The authors did not have data to describe treatment decisions after diagnosis. We are told it was policy of the Unit to prescribe continuous positive airway pressure (CPAP) therapy in most of these clinical circumstances however, so it seems reasonable to assume a proportion of these patients went onto CPAP therapy, but there is no way of confirming this. Furthermore, given that nocturnal hypoxemia predicted mortality, did these patients' oxygen saturations improve and normalize on therapy? Should more have been started on oxygen therapy either with positive pressure ventilation support or as a stand-alone therapy? It is not clear how many may have started bi-level ventilation, if any. All of this raises three intriguing possibilities: (i) mortality would have been higher if CPAP was not used; or (ii) CPAP therapy had no impact on mortality in this patient group; or (iii) more of these patients should have been on bi-level ventilation rather than CPAP therapy. Given the recent RCT reported by Piper et al. in which it was reported that for patients with OHS randomized to either CPAP or bi-level therapy for a three-month period, no between-group differences in awake CO2, compliance with therapy or daytime sleepiness were found; the third possibility seems less likely to be the key issue.4
It is not clear if the clinical management was changed by the results of the evening ABGS. If they were, this may contribute to some of the signal here. For example, if patients had a low PO2 reading in the evening is it possible, probably even likely, that some would be placed on nocturnal oxygen during their PSG? It is well described that sleep hypoventilation may occur due to increased nocturnal oxygen flow in hypercapnic COPD patients.5 Could it be therefore that some of the rise in PCO2 followed acute oxygen administration?

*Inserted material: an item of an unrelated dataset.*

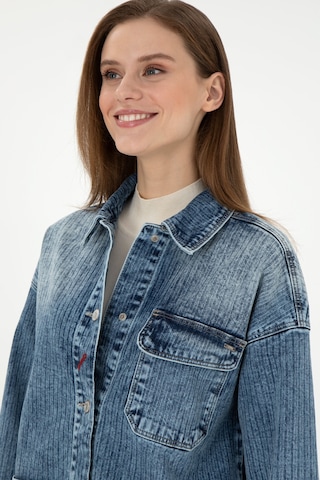 U.S. Polo Assn. Kadın Açık Mavi Jean Tunik Gömlek 50291134-DN0021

There are limitations to the study of course. Data analysis was retrospective. It seems surprising that while this data series is called consecutive, so few patients had data available for review as 322 patients represent only 1.3 patients/week. The authors describe the reasons for this in Figure 1.1
The rise in PCO2 of >7 mm Hg overnight is not a measurement used clinically, and even if it was, I think it is unlikely that it would be hard to justify routine ABGS on all patients to look for this rise. Should all patients with low resting saturations have a PM and an AM arterial blood gas as the authors suggest? A single arterial blood gas will not detect change in PCO2 after all. Unfortunately, non-invasive methods of measuring PCO2 remain notoriously unreliable and unstable and thus would be unlikely to pick up such subtle changes in PCO2 across the night.6
The authors are to be commended on a thoughtful and clever review of the data they had available to them. While questions remain, it is worthwhile that we consider impact of hypoxemia and the change in carbon dioxide levels more carefully as we review the many patients who are assessed for sleep disordered breathing in 2012.Those with these abnormalities may be the ones at greatest risk, and it seems highly unlikely that Australia's proposed carbon tax will have any impact on these carbon dioxide levels.